【パラグアイ戦検証】連動性を欠くも才能の傑出ぶりは明白… 久保建英の能力を最大限に活かせる布陣・役割は?

2019年09月06日 加部 究

個々が速やかな連動を見せて、効果的に崩せていたのは前半だった

パラグアイ戦では得点こそなかったものの、久保は随所に輝きを放った。写真:金子拓弥(サッカーダイジェスト写真部)

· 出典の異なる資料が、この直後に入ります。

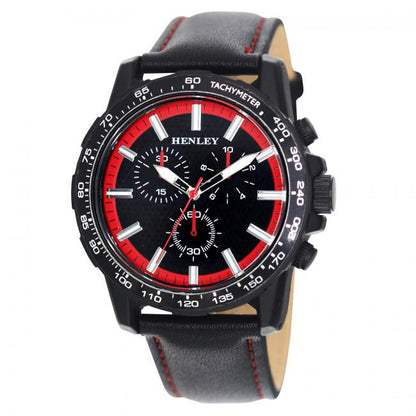 Henley Mens Fashion Satin Black Sports Coloured Stitch Multi Eye Watch H03015 Available Multiple Colour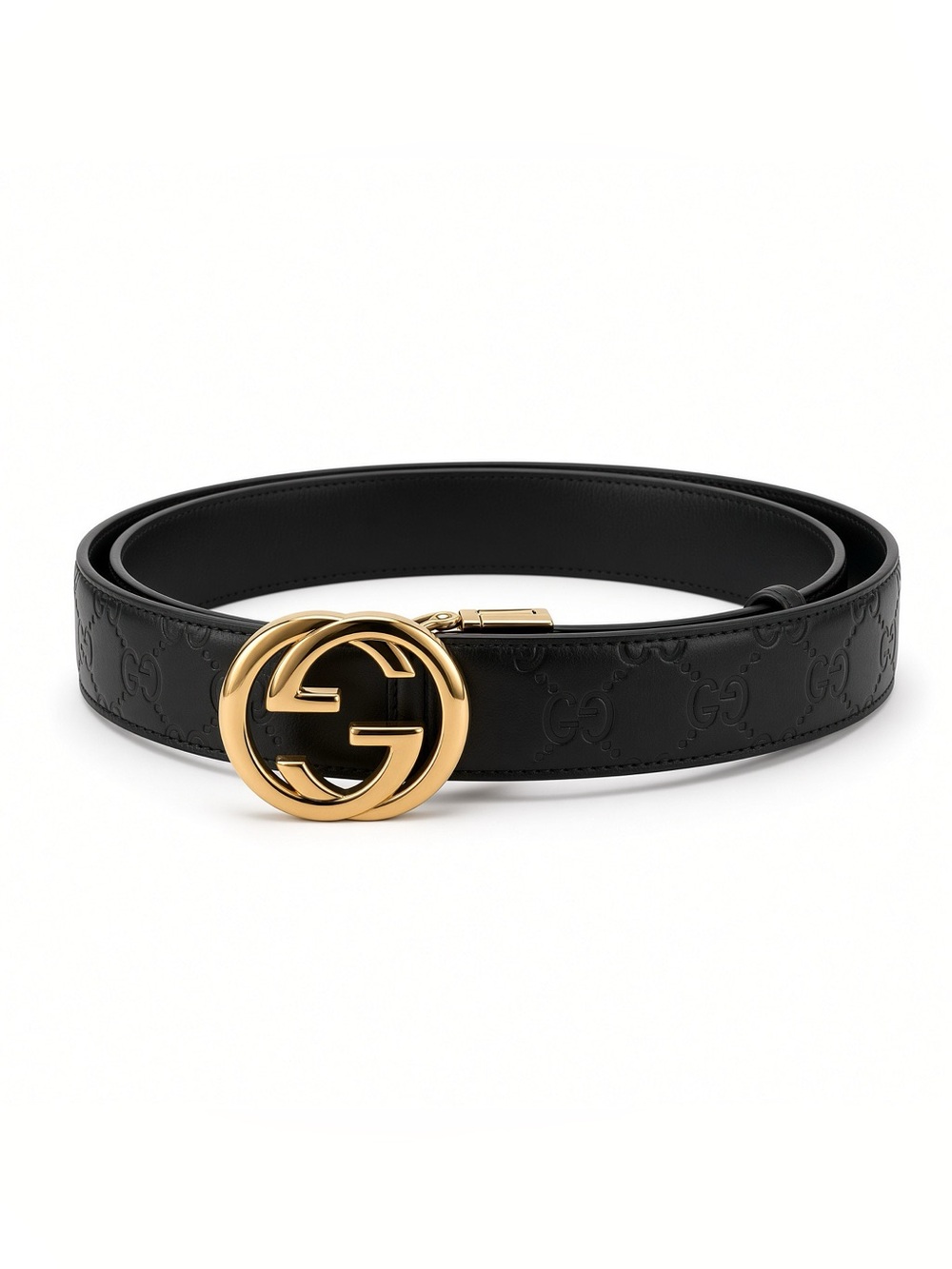 Brand New FASHION Men's Black Leather Logo Belt with Gold Buckle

 森保一監督らしく気配りが込められたスタメンだった。
 
 最近の成長度、充実ぶりを考えれば、久保建英の起用が妥当だった。だが監督就任時から採用してきた2列目のトリオは、当然完成度が高いし再度確認しておきたかったに違いない。またここで堂安律を外せば、モチベーションの低下も気になるところだ。一方日本代表の最年少得点記録がかかる久保は、相手が疲弊する後半から出す方がチャンスも広がる。実際久保は自ら「他に選択肢があるのにシュートを狙った」と語ったように、通常以上にゴールへの拘りを見せていた。

 
 結論から言えば、やはり個々が速やかな連動を見せて、相手を効果的に崩せていたのは前半だった。パラグアイがマンマークをベースとするのを見越して中島翔哉と堂安が敢えて中に入り、サイドバックが上がる外側のスペースを開けて2ゴールを奪っている。攻撃側が中央に集まり、マーカーを吸い寄せれば必然的に外が空く。先制点は、中央で中島と堂安が絡み、長友佑都が外をフリーで駆け上がったし、2点目も中島がバイタルエリアで持つと、堂安が右サイドから内側へ走って相手を引きつけ、外側の酒井宏樹がフリーになった。また16分にも同様のシーンがあり、堂安のフリーランに牽制されたパラグアイDF2人が動けず、右サイドを上がった酒井のパスを受けた大迫勇也は中央からフリーで狙っている。あるいは、自陣から中島と南野拓実がダブルでパス交換をしながらカウンターを仕掛けたシーンでは、1トップの大迫が右に流れたのを見て、堂安が空いた逆側のスペースへ走りGKと1対1の絶好機を築いた。
 
 円熟期に入った大迫のポストワークを活かしながら、2列目トリオが臨機応変にポジションを変え、スムーズにハイテンポで互いにスペースを作り、それを利用する。さらにパラグアイの守備陣の意識が中央に傾けば、両SBが悠々と駆け上がる。本来堅守を誇るパラグアイのコンディションが酷過ぎて、前半から球際も含めて日本が圧倒出来ていたのが、ある意味では誤算だったが、このレベルの相手なら十分に計算できる組織的な攻撃力は確認できた。
 
 逆に後半は互いにメンバーも代わり、さすがにパラグアイも相当に叱咤されて出て来たはずなので、日本代表も現状のスタメンが最善と結論づけるのは早計だ。まず後半早々には大迫を永井に代えたが、周囲が最前線のキャラクターの変化に対応できなかった。一方左サイドも中島から原口元気に代わった影響もあり、前半のように有機的なポジションチェンジがなくなり、久保のワンマンショーの様相さえ呈してしまった。